Top of Task data

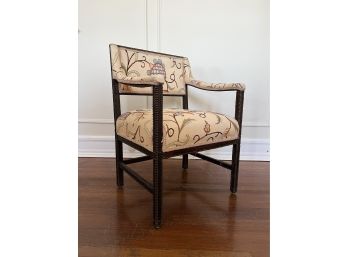 An 19th Century French Open Arm Chair With Crewel Upholstery - Fine Wood Bead Detailing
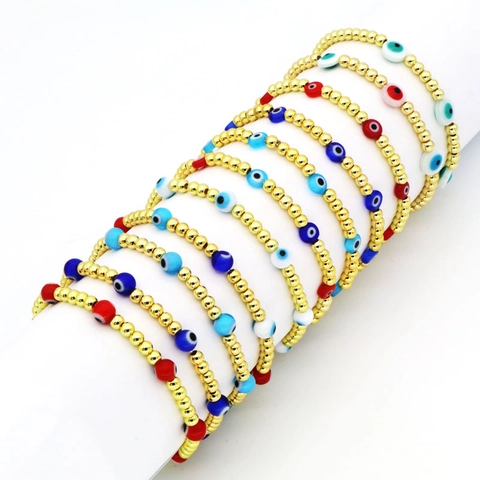 Vintage Evil Eye Beaded Bracelet For Women Bohemian 18K Gold Plated Copper Glass Resin Lucky Protection Turkish Eye Elastic Charm Bracelet Jewelry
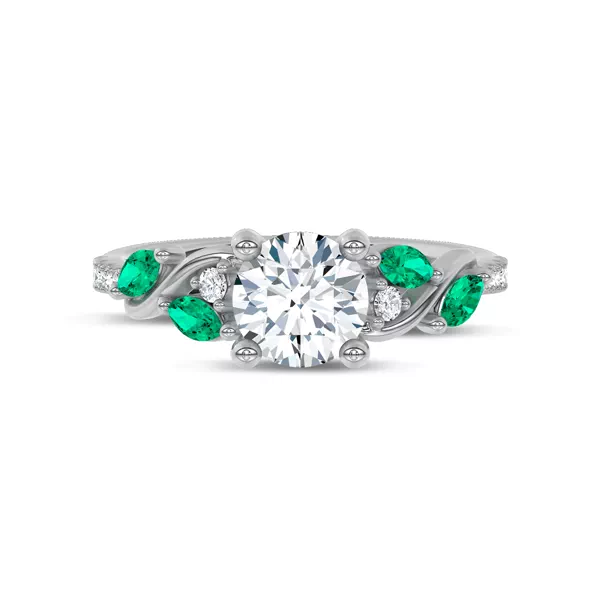 Hayden Curved Vine Lab Emerald And Diamond Ring
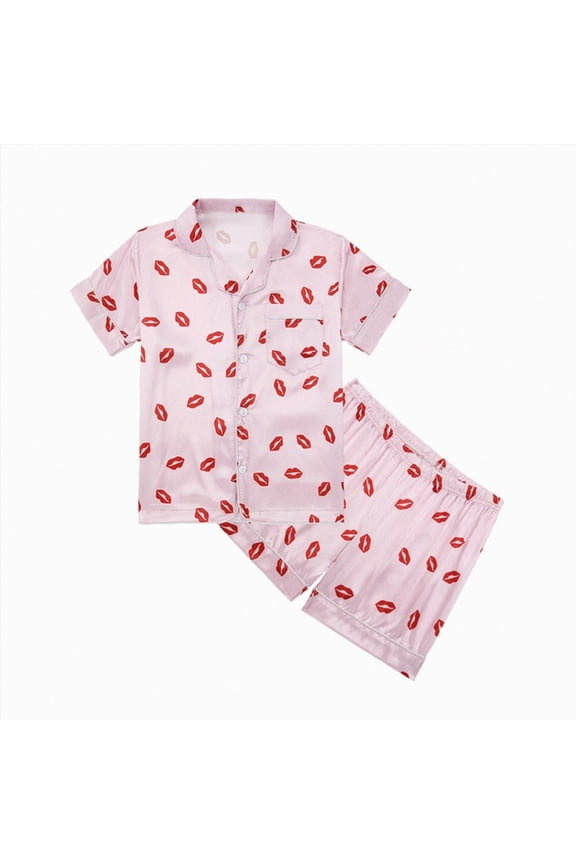 Pj Sets for Teens Girls Pajamas for Kids Summer Pjs for Girl Pajama Sets 2Pcs Short Sleeve Top Sleepwear for Teen Pink,11-12 Years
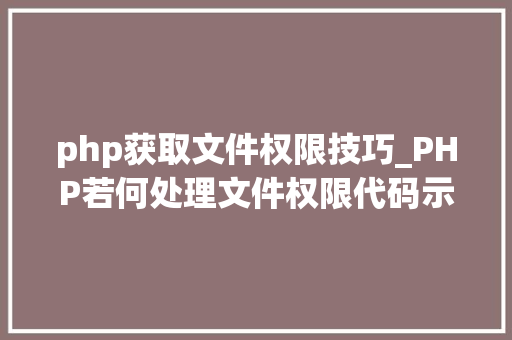 php获取文件权限技巧_PHP若何处理文件权限代码示例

Bottom of Task data

*Required work*: Each record above should be duplicated word for word, with no pictures included.

*Solution for this problem*:
 An 19th Century French Open Arm Chair With Crewel Upholstery - Fine Wood Bead Detailing
 Vintage Evil Eye Beaded Bracelet For Women Bohemian 18K Gold Plated Copper Glass Resin Lucky Protection Turkish Eye Elastic Charm Bracelet Jewelry
 Hayden Curved Vine Lab Emerald And Diamond Ring
 Pj Sets for Teens Girls Pajamas for Kids Summer Pjs for Girl Pajama Sets 2Pcs Short Sleeve Top Sleepwear for Teen Pink,11-12 Years
 php获取文件权限技巧_PHP若何处理文件权限代码示例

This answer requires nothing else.